As do most Chicago metro area fire departments, Lemont Fire Protection District offered fire alarm monitoring service to commercial, institutional and industrial establishments within its protection boundaries.
This monitoring service utilized dedicated telephone lines installed and maintained by Ameritech, the local telephone company. While leased line technology has been available for decades, there were always inherent problems with interruptions in service from storms, broken cables, water in cables, serviceman errors and a variety of other causes. Service outages have ranged from hour to months with the average outage being nearly seven days.
Fire fighting professionals know that the first few minutes of a fire are critical and that rapid response saves lives and property. Because Lemont FPD and other departments monitor fire alarm signals in their dispatch centers, relaying emergency alarm information to responding units happens in seconds as opposed to minutes when private alarm company central station services are used.

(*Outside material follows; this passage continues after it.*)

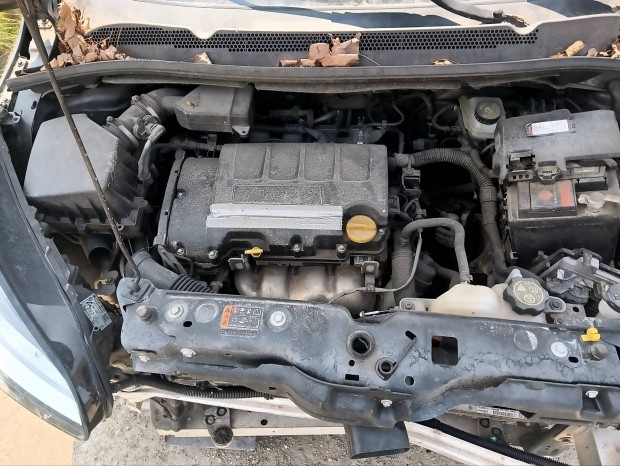 Opel Corsa E, Astra J, Meriva B 1.4i (B14XER) motor , sebváltó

Because of the high cost of installing and maintaining alarm-monitoring equipment, most fire departments have historically relied on private alarm contractors to provide equipment and service to meet the monitoring demands. Additionally, dedicated telephone lines, although prone to false alarms and service outages, have always been relied upon as the sole resource for transmitting alarm signals from a protected premise to the 911 centers.
Keltron Corporation's wireless technology has changed everything. No longer dependent on telephone lines, fire departments are now able to buy and develop their own digital radio-signaling network. Freeing up the money that subscribers had traditionally paid to the phone company for a dedicated phone line, Lemont FPD can provide state-of-the-art wireless technology via Keltron's wireless transceivers.
Before Keltron's wireless technology, the cost to replace 911 Center equipment utilizing phone lines was prohibitive. However, by redirecting the former fees that subscribers paid for phone lines to a leasing company to pay down a sixty-month lease, radios are installed at a subscriber's premises for no initial fee. Furthermore, using creative leasing, all of the equipment necessary for the radio and alarm monitoring equipment at the 911 Center is also completely amortized over a sixty-month period. The end result is a strategy that is rapidly redefining how municipalities in the Chicago metro area monitor alarm systems.